After leaving the roof, DeSantis walks down a series of stairs – to the building's basement and the steel-doored rooms that are believed to have been jail cells for Saddam's political prisoners. "This is where we think they tortured people," he said glumly.
To work amid such sordid history is difficult, DeSantis says. And for his part, he tries to find solace and pride now in small victories.
The other day, he took time to explain to Iraqi electricians the need to adhere to strict safety codes.
"Their idea of an electric code is to put a plug in the wall and see if it works." DeSantis said. "They have no idea that you can burn down the building if you don't wire it correctly."
It's the kind of attention to detail that DeSantis learned back in New Jersey as an insurance adjustor. Several blocks away, Maj. David Melendez tries to teach the same concept to a different Iraqi audience – firefighters.
Maj. Melendez, a New York City firefighter who joined the Jersey Guard because he liked the unit's camaraderie, has become an ad-hoc fire chief and training director for Baghdad's fire department. And like DeSantis, Melendez found the Iraqis he was working with enthusiastic but lacking basic standards.
"They're good firefighters," Melendez said. "But we're teaching them basic rules."
Many National Guard soldiers speak of a mix of realism, hopefulness and resignation. Life is punctuated with the occasional thud of a distant bomb, and the inviolate rule is that you never go anywhere without the company of a "battle buddy." They hope to do something significant that will draw accolades to their units. Yet, they also know there is only so much they can do in a place so badly scarred by war. "Sometimes it's a bit surreal to be here," said Capt. Christopher Ortiz, a New Jersey state trooper who is overseeing the refurbishing of Saddam's "Prosperity Palace." To walk through the palace today, you hardly feel a sense of prosperity. Huge cracks run down the walls. Dust and dirt sit in corners. Walkways are covered with rocks. "This was one of Saddam's pleasure palaces," said Ortiz, who lives in Hoboken. "But there is no room that is unscathed."

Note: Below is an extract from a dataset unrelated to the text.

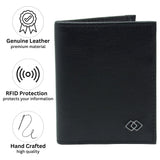 Alpine Swiss Men RFID Leather Wallet Slim Front Pocket Wallet Business Card Case – Black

Nevertheless, Ortiz's soldiers are making the best of their surroundings. For a communication's center, they found the best space turned out to be a large room with high marble walls – one of Saddam's hot tubs. Today, a communications desk, covered with radios sits in the middle of a waterless tub where the late dictator is said to have relaxed.
The other day, Ortiz walked into the room, looked at the marble tub and the desk – and smiled. "Sometimes this is surreal," he said.